The kick-off happened last month after the U.S. announced its decision to label Iran's Revolutionary Guards Corps as a "specially designated global terrorist (group)" -- the first military branch of a government to be named for such a list, making the decision highly unusual.

The designation becomes less unusual and more useful when you consider that such a move would grant the administration authorization to use military force without Congressional approval, which would mean that if Bush wanted to launch an attack on Iran, say, tomorrow, he's already pre-approved.

And so, with deed in hand, the administration marches on: today it was announced that the U.S. will build its first military base on the Iran-Iraq border and has plans to create fortified checkpoints on roads that lead to Baghdad from Iran. General Lynch, commander of the U.S. Army's 3rd Infantry Division, also said that the base would serve as part of the administration's new "central component" to hinder the smuggling of advanced weapons from Iran into Iraq, which the U.S. has contended and the New York Times' Michael R. Gordon promoted as being responsible for "a third of the combat deaths suffered by the American-led forces."

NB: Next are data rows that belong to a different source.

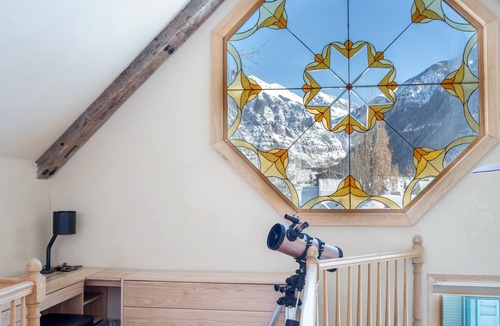 Telluride Condo | Delightful mountain condo with balcony - walk to lifts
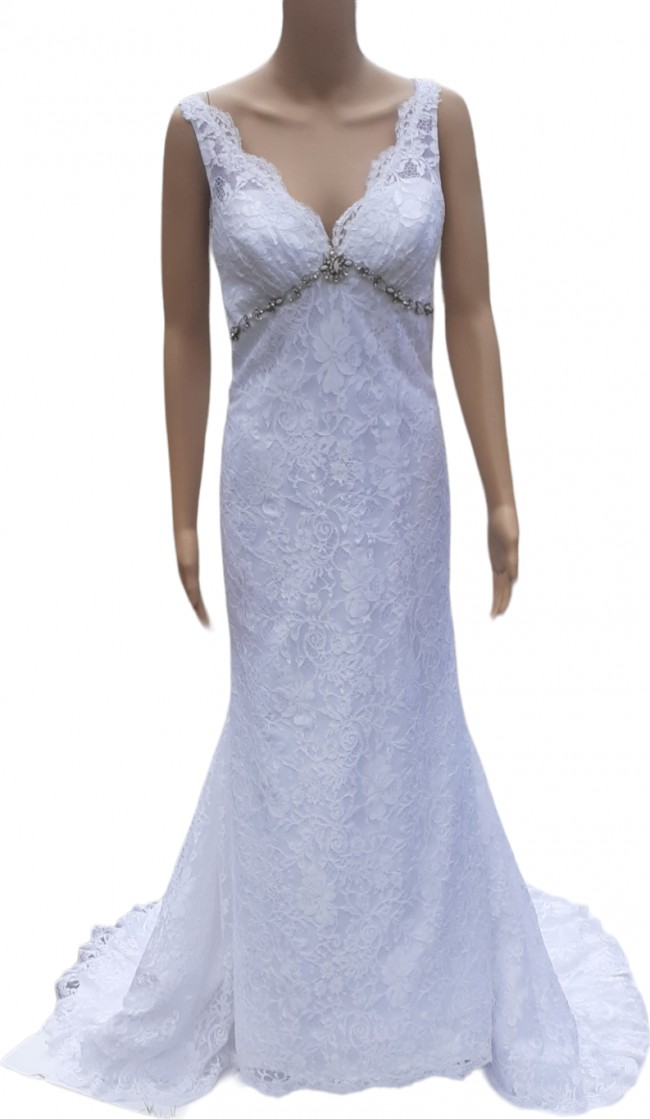 Allure Bridals 8672 Lace Floral Pattern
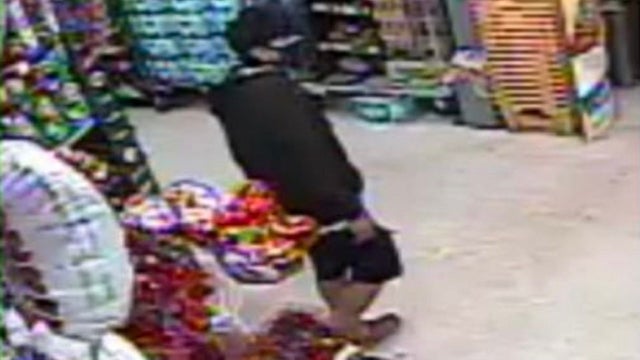 1 killed in Commerce double shooting, gunman on the run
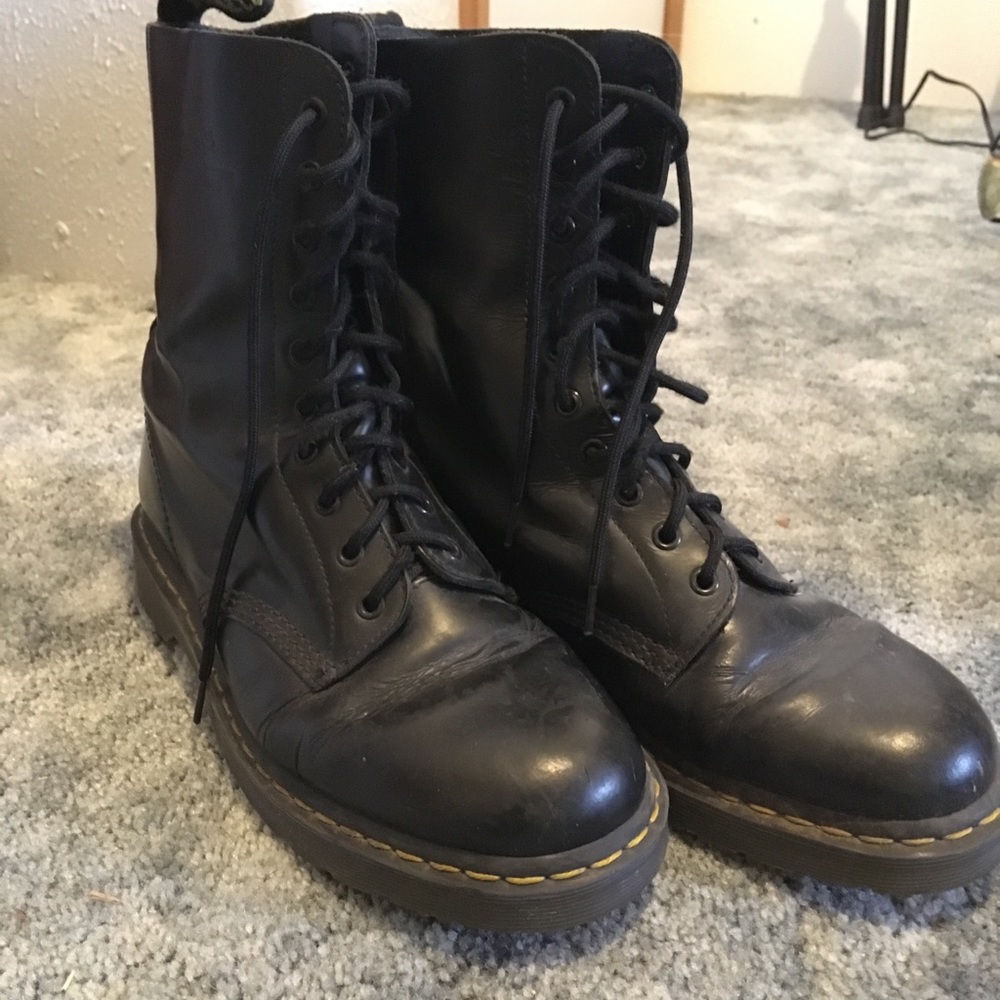 Dr Marten Boots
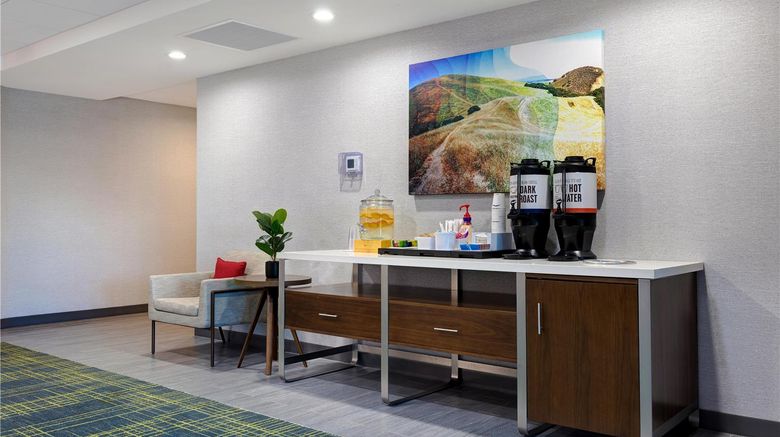 <b>Hampton Inn & Suites Marina Lobby</b>. Images powered by <a href="https://iceportal.shijigroup.com/" title="IcePortal" target="_blank">IcePortal</a>.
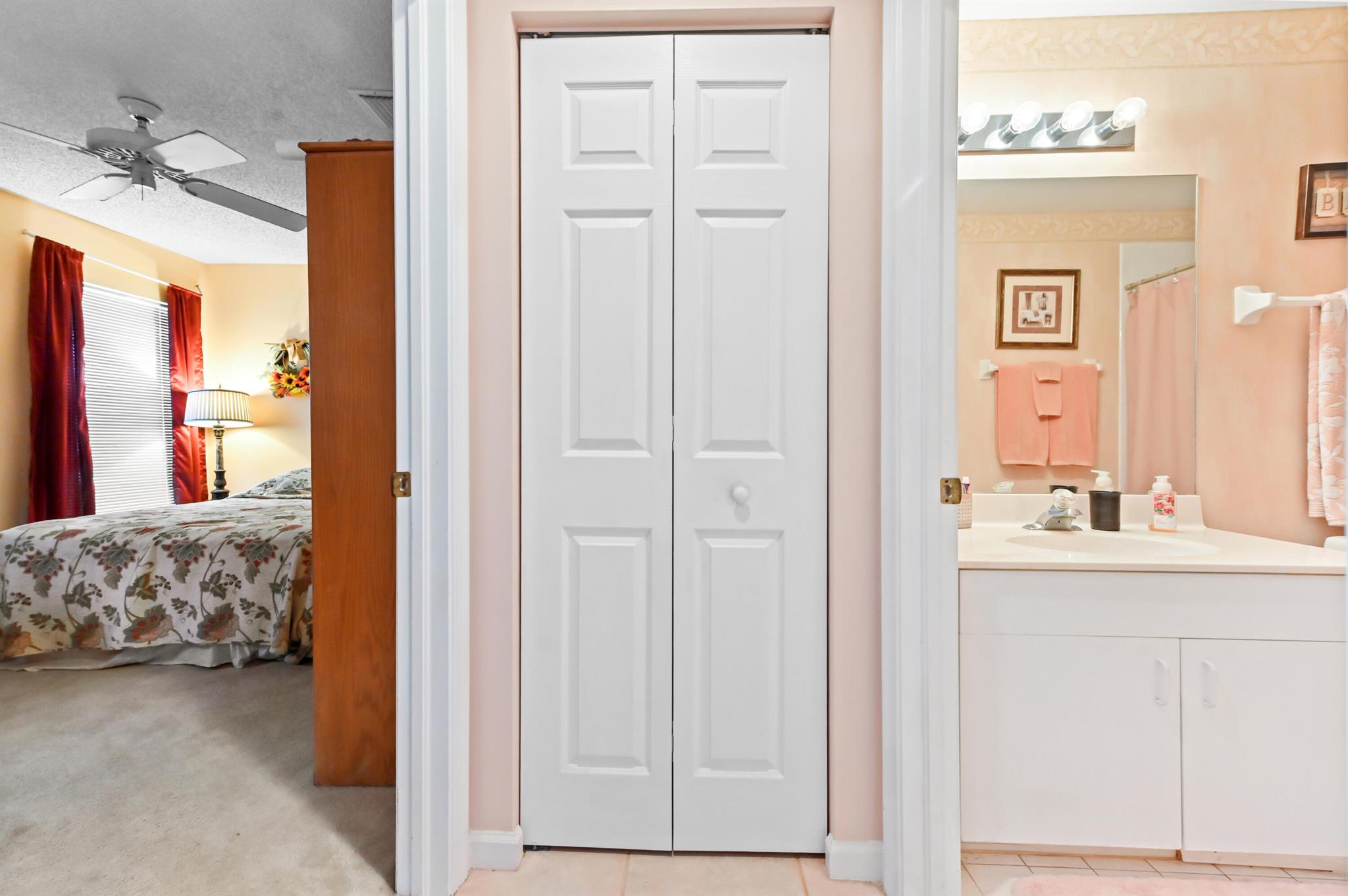 CYPRESS LAKES - Residential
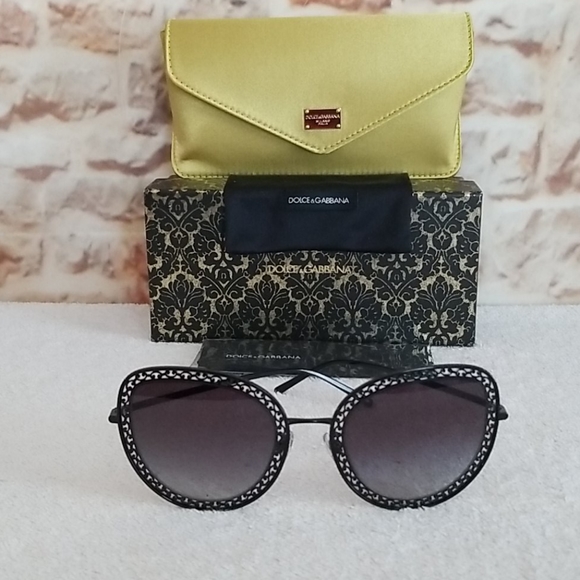 New Dolce & Gabbana Cutout Cat Eye Sunglasses - Picture 1 of 13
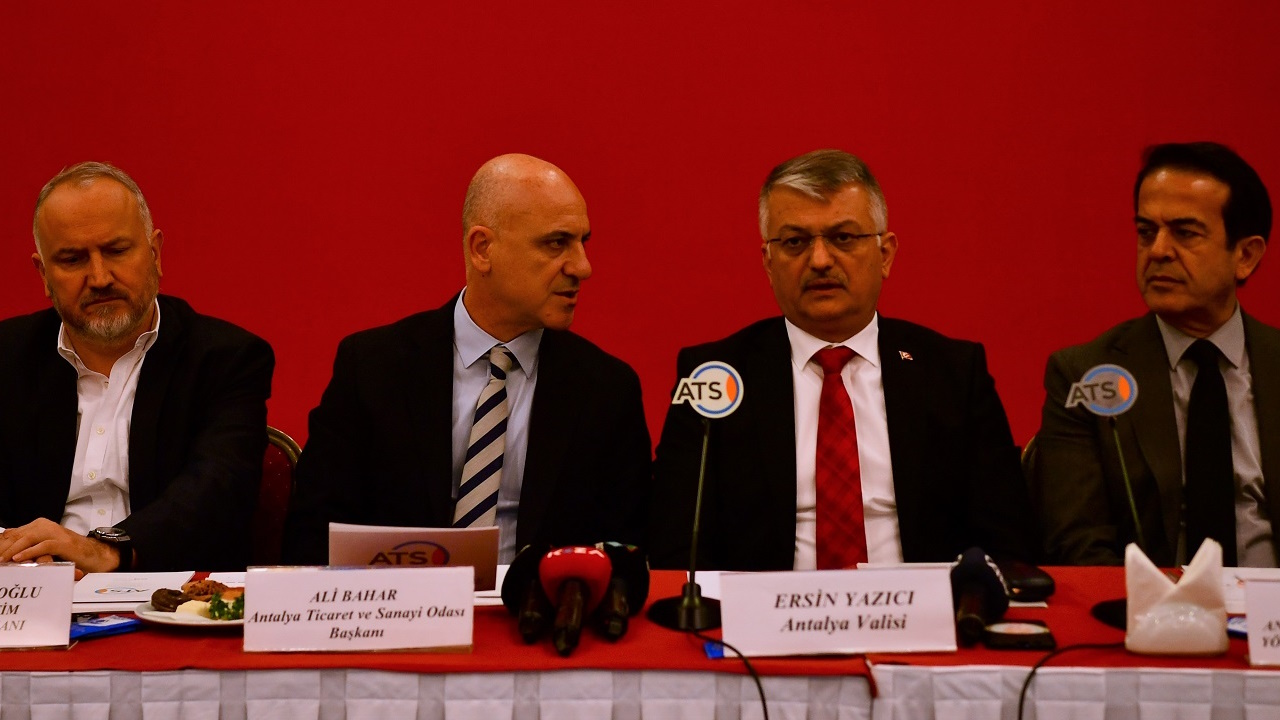 Antalya'ya yerleştirilen depremzede sayısı 72 bini geçti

To further spin statistics in favor of an Iran attack, General Lynch added that 48 of the advanced roadside bombs Gordon spoke of in his New York Times article had been used against his troops in central and southern Iraq, and were responsible for nine U.S. soldier fatalities. Another attack with 46 Iranian-made rockets was successfully foiled, he said.

Rounding out the PR blitz was the widely-anticipated Petraeus report, which included this quote on Iran from the Iraq military commander: "It is increasingly apparent to both coalition and Iraqi leaders that Iran, through the use of the Quds force, seeks to turn the Iraqi special groups into a Hezbollah-like force to serve its interests and fight a proxy war against the Iraqi state and coalition forces in Iraq."

This transparency on the part of the Bush administration to shift blame away from its own Iraq foreign policy disasters and onto Iran is insulting at best, and dangerously reckless at worst, at a time when we can seldom afford to be either.